Captain Woody Woods said:


> So what was it? Daytime sword? Blue marlin? Tuna? Never saw it?


Never saw it . But was on a 70vs penn. That's what keeps you going for though.


----------



## Captain Woody Woods (Oct 2, 2007)

Congrats Dave.


----------



## Magic236 (Oct 1, 2007)

Y'all are an amazing fishing team and couple! Thanks, Tight Lines


----------



## sniperpeeps (Mar 5, 2011)

You guys have them dialed in. Awesome report!


Sent from my iPhone using Tapatalk


----------



## DISANTO (Oct 1, 2007)

Recess, y'all hooked a sea monster? Dammit man!! Big tuna? Blue?.

Here's the wahoo. Will post pics of blue as soon as I download the video we took.


----------



## fishmagician (Jun 4, 2014)

sounds like a great way to spend a night, big swords, large wahoo......a real delight in any man's book


----------



## big blue (Jun 28, 2008)

pretty work!


----------



## MSViking (Oct 11, 2007)

Like I had to do for Alex and his reports, looks like I need to make a stamp that says "job well done!" The fact that you and Marlana do it on your own speaks volumes!


----------



## PELAGIC PIRATE (Oct 10, 2007)

I just got back from KY deer hunting : see your post and say before i read it 

" I bet they caught two Blues and huge sword and a wahoo"

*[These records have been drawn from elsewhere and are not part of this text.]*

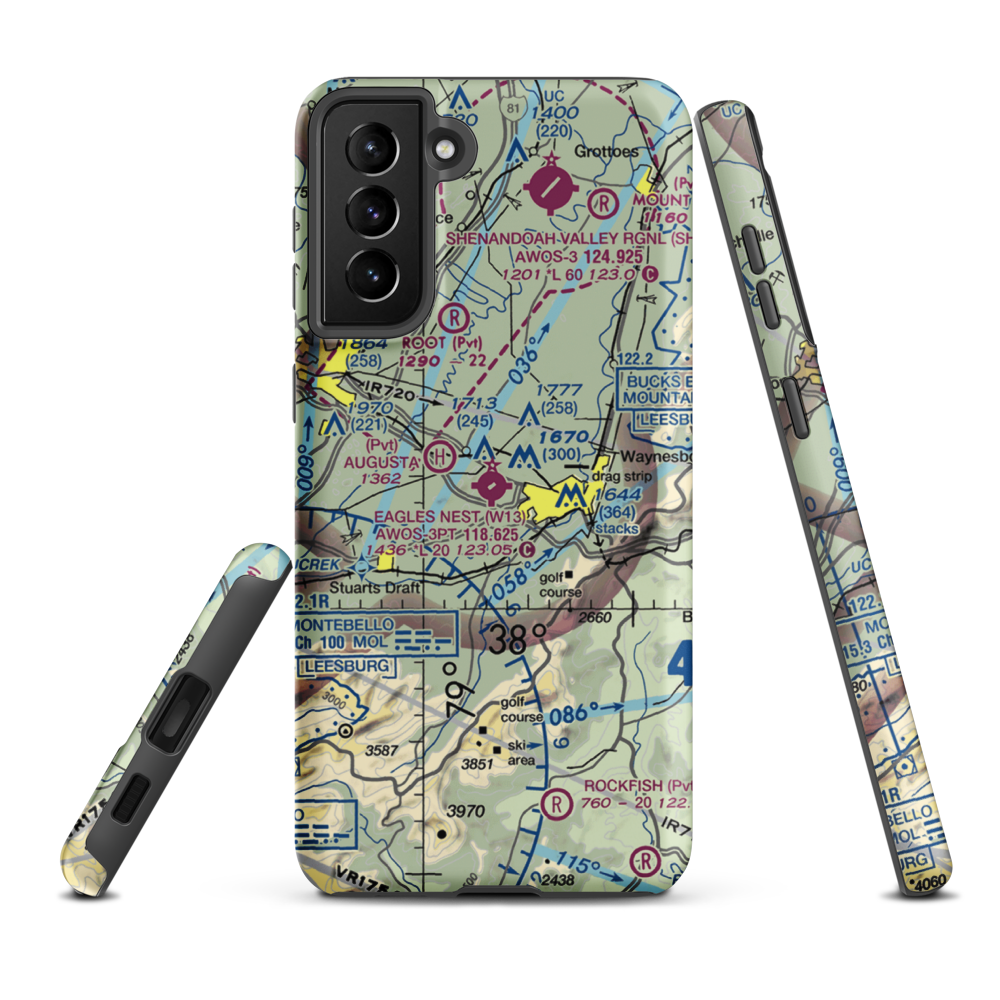 Eagle's Nest Airport (W13) VFR Sectional Samsung Phone Case Samsung Galaxy S21 Plus model shown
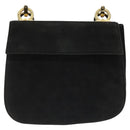 Salvatore Ferragamo Gancini Shoulder Bag Suede Black Gold Auth 110487-13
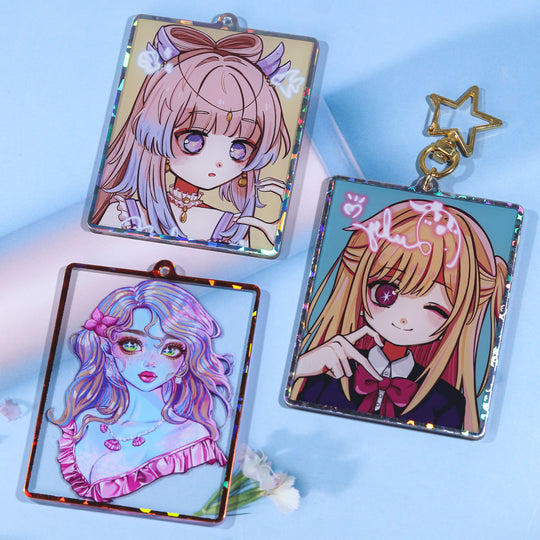 Custom Holographic Edge Acrylic Keychains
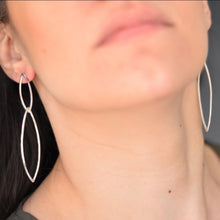 Load image into Gallery viewer, Rhombus Earrings – Minimalist Geometric Elegance (Handmade in Silver &amp; Gold-Plated Silver)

Well Heck : im quiting my job and becoming a fishing psychic :

You guys never cease to amaze me with your solo trips:

Congrats :thumbsup:


----------



## DISANTO (Oct 1, 2007)

Thanks for the compliments! We have really enjoyed having the boat up and running this year. (Knock on wood). We are done swordfishing. Hope to see some of y'all slaying the beast. They are out there!

Tight lines.


----------